### WHAT THE TASK REQUIRES
Whenever a line below holds the word "porch", count it; please give only the final number.

### MATERIAL FOR THE TASK
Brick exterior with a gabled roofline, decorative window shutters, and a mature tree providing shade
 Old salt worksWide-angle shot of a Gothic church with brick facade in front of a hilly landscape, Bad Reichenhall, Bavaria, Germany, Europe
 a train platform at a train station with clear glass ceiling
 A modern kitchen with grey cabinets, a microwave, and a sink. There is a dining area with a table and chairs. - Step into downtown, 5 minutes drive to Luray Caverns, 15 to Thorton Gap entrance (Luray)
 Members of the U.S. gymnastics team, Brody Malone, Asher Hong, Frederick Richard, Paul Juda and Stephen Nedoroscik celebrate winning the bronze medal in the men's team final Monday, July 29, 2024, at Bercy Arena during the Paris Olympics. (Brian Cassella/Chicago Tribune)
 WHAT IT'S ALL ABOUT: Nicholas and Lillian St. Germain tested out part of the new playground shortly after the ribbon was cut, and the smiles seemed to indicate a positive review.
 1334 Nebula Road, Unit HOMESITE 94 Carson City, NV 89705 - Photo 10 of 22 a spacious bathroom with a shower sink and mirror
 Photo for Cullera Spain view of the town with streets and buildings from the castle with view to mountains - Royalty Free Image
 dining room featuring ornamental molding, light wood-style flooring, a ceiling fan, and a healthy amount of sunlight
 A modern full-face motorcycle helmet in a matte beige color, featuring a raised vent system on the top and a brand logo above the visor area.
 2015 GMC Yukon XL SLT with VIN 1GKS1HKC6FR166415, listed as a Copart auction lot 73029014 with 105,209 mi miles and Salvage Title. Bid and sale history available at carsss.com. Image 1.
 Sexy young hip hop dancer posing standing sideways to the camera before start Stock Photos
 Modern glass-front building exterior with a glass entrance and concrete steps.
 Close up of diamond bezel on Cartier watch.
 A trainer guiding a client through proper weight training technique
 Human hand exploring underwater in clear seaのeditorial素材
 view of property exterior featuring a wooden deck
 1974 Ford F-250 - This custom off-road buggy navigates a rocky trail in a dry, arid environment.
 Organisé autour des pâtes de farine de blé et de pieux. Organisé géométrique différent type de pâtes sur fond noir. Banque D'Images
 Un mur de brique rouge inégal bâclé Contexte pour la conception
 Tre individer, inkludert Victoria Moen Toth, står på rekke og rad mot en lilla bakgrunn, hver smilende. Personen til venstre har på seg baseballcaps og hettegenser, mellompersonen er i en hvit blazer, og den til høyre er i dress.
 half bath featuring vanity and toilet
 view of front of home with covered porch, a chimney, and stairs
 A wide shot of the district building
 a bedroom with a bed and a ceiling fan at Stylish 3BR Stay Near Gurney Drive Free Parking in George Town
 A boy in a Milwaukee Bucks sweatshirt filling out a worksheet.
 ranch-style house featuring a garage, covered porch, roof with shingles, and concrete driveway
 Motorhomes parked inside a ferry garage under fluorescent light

### EXERCISE RESULT
2